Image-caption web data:
------------

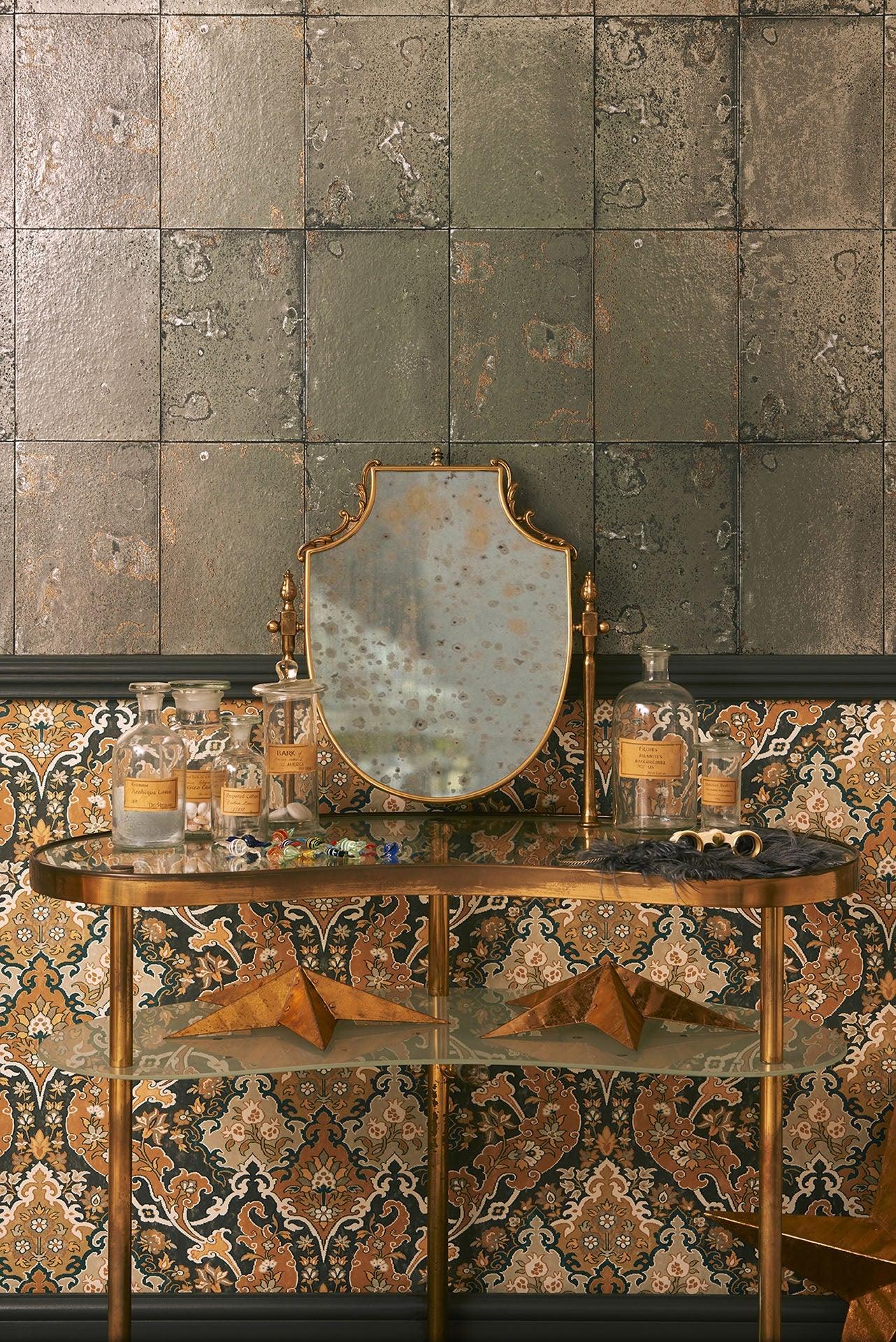 Tapeta MARIINSKY DAMASK - Antique Mirror metaliczne srebro Cole & Son Eye on Design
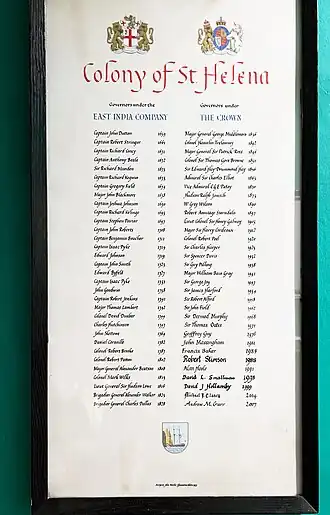 A calligraphic list of St. Helena's governors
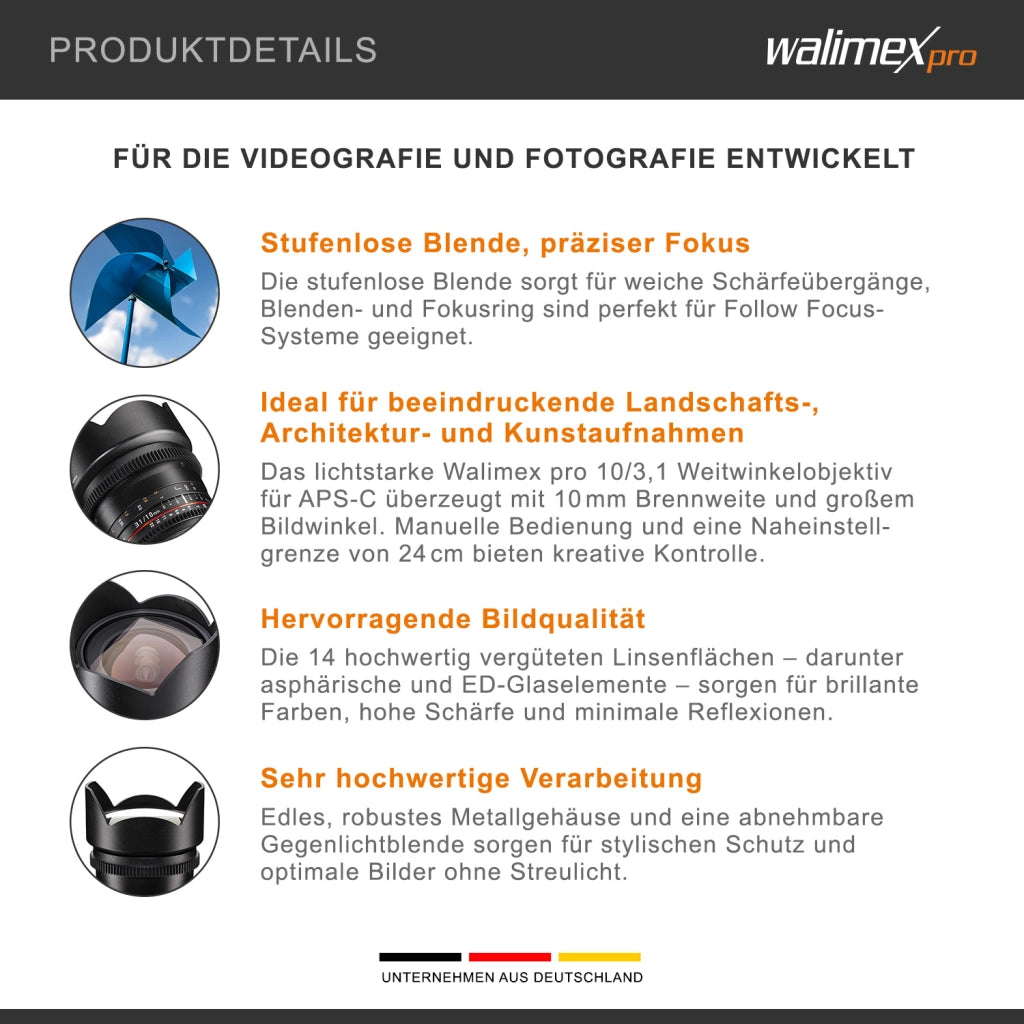 Walimex Pro 10mm 1:3.1 VCSC obiettivo grandangolare (incluso paraluce, IF, ghiera, diaframma e messa a fuoco) per Canon EF-S baionetta nera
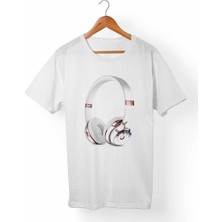 Muggkuppa Kulaklık-Headphone Baskılı Beyaz T-Shirt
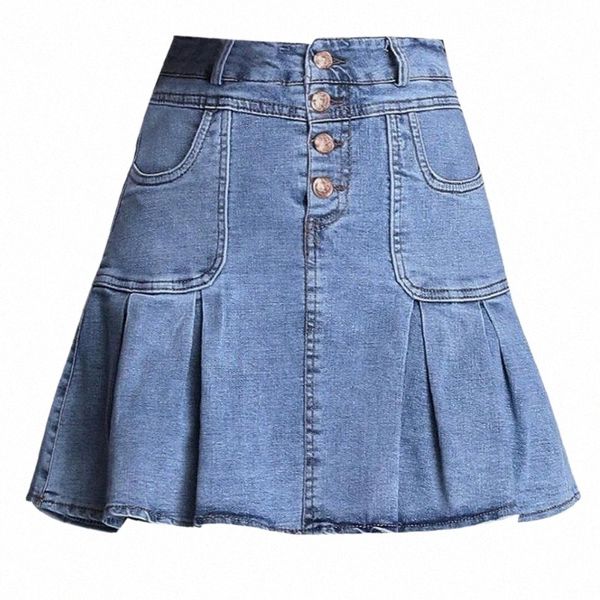 

skirts skirts sweet jeans skirt women's denim pleated preppy style high waist a line lolita skater 2022 summer jupes femme d9ah#, Black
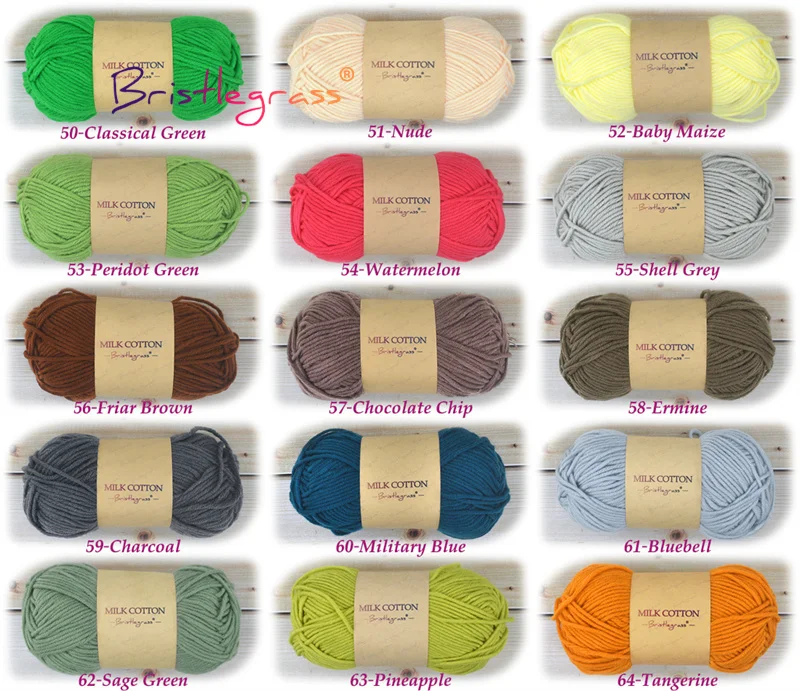BRISTLEGRASS 1 Skein 50g Acrylic Crochet Yarn 5 Strand Milk Cotton Thread Baby Sweater Scarf Doll Fabric DIY Hand Knitting Craft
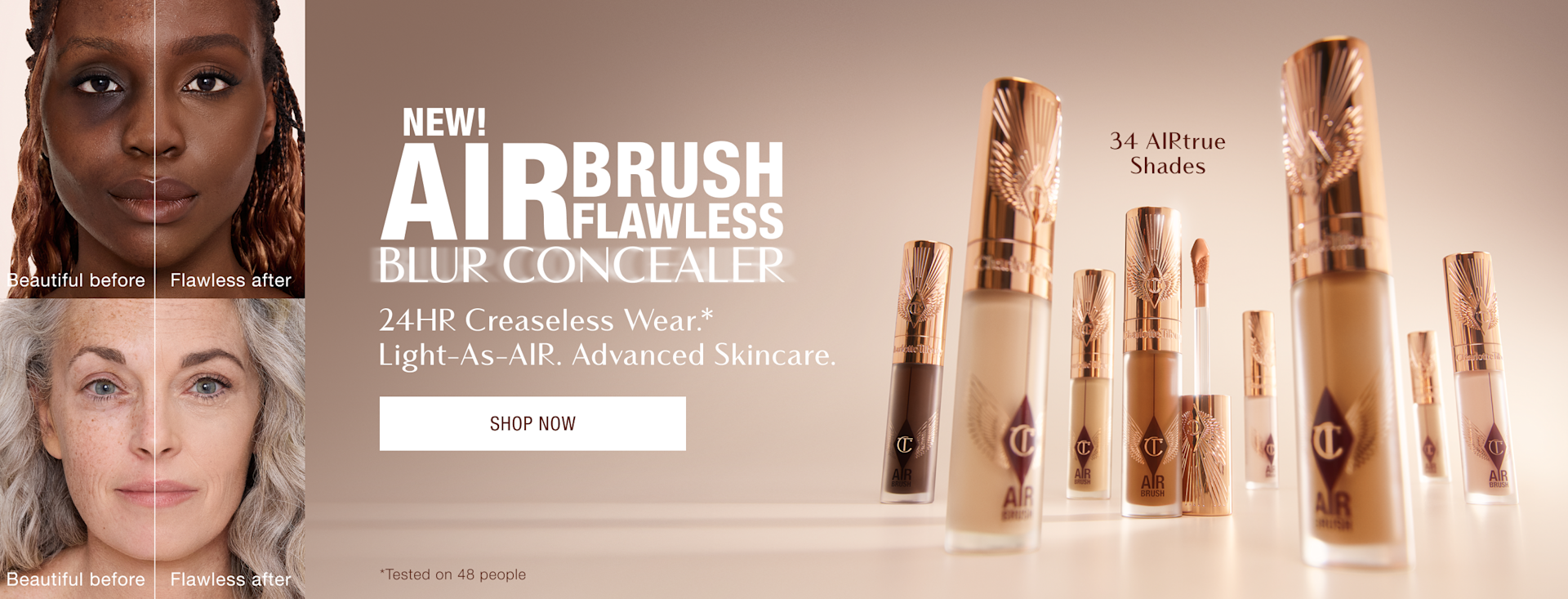 NEW! AIRBRUSH FLAWLESS BLUR CONCEALER 24HR Creaseless Wear.* Light-As-AIR. Advanced Skincare. NEW! AIRBRUSH FLAWLESS BLUR CONCEALER 24HR Creaseless Wear.* Light-As-AIR. Advanced Skincare.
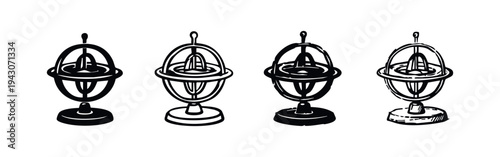 Gyroscope and gimbal mechanism icon set. Device for measuring or maintaining orientation and angular velocity.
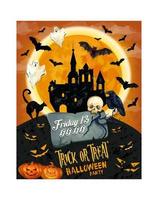 cartaz de festa de horror de halloween com fantasma e casa vetor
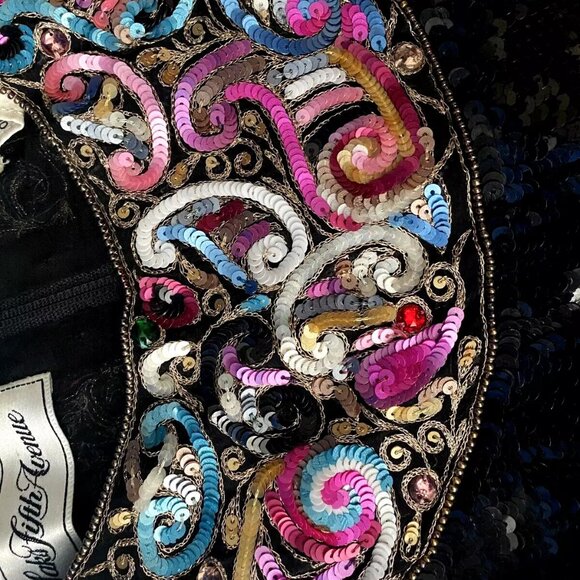 STUNNING Donatella x Saks Fifth Avenue Vintage Sequin Blouse Party Evening Large - Picture 5 of 7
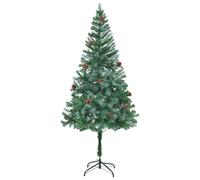 Artificial Christmas Tree Green & Frosted White PVC 180x90cm with Pinecones Incl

------------

TASK DIRECTIONS: A word-for-word copy is needed of the lines from the line holding "cartaz de festa" through the end of the records, both included, excluding every picture.

EXERCISE RESULT:
 cartaz de festa de horror de halloween com fantasma e casa vetor
 STUNNING Donatella x Saks Fifth Avenue Vintage Sequin Blouse Party Evening Large - Picture 5 of 7
 Artificial Christmas Tree Green & Frosted White PVC 180x90cm with Pinecones Incl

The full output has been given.